## Records contained in a dataset
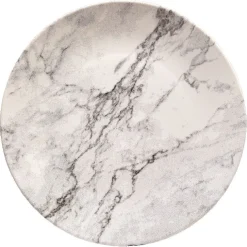 Assiette plate ronde motif marbre gris et blanc^Gifi Clearance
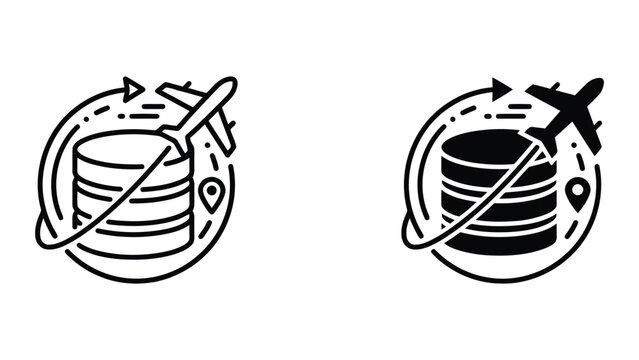 Airplane flight path around database icon with location pin for global data transfer and cloud logistics tracking in minimal outline and solid black vector style for tech and aviation
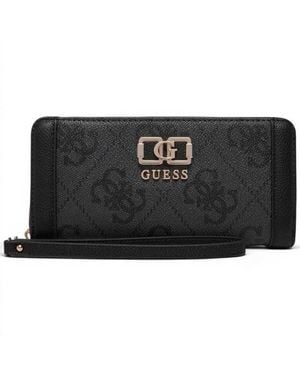 Guess Wallet Karnilla Logo Slg Large Zip Around Coal Logo - Black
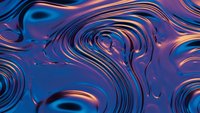 Abstract liquid metal surface with flowing waves and ripples in blue and orange gradient colors creating dynamic fluid motion patterns.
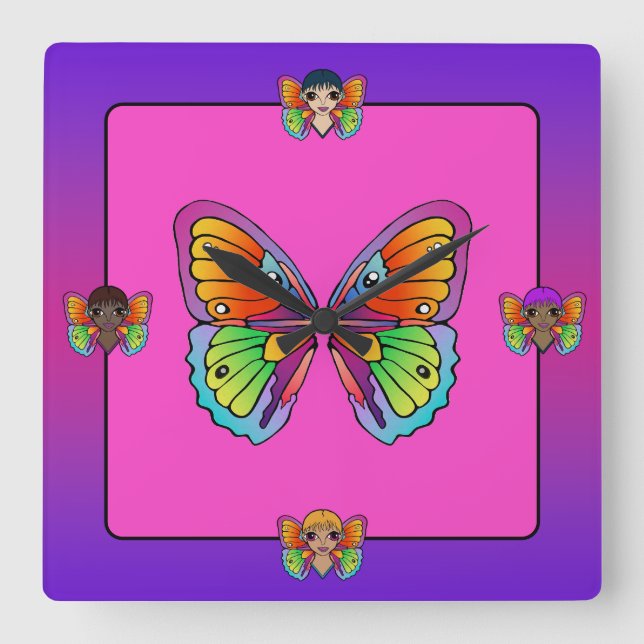Woman Butterfly Uhr (Vorderseite)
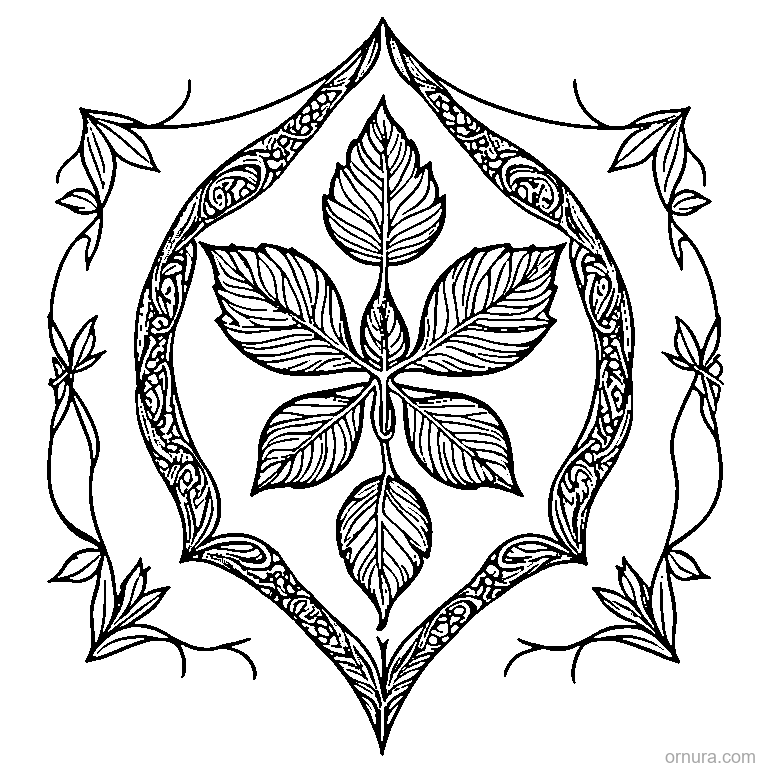 leaf with geometric pattern inside template coloring page - free printable black and white line art for kids and adults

## WHAT TO WORK ON
Every entry above is to be set down exactly; the pictures are to be left out.

## SOLVED EXERCISE
 Assiette plate ronde motif marbre gris et blanc^Gifi Clearance
 Airplane flight path around database icon with location pin for global data transfer and cloud logistics tracking in minimal outline and solid black vector style for tech and aviation
 Guess Wallet Karnilla Logo Slg Large Zip Around Coal Logo - Black
 Abstract liquid metal surface with flowing waves and ripples in blue and orange gradient colors creating dynamic fluid motion patterns.
Woman Butterfly Uhr (Vorderseite)
 leaf with geometric pattern inside template coloring page - free printable black and white line art for kids and adults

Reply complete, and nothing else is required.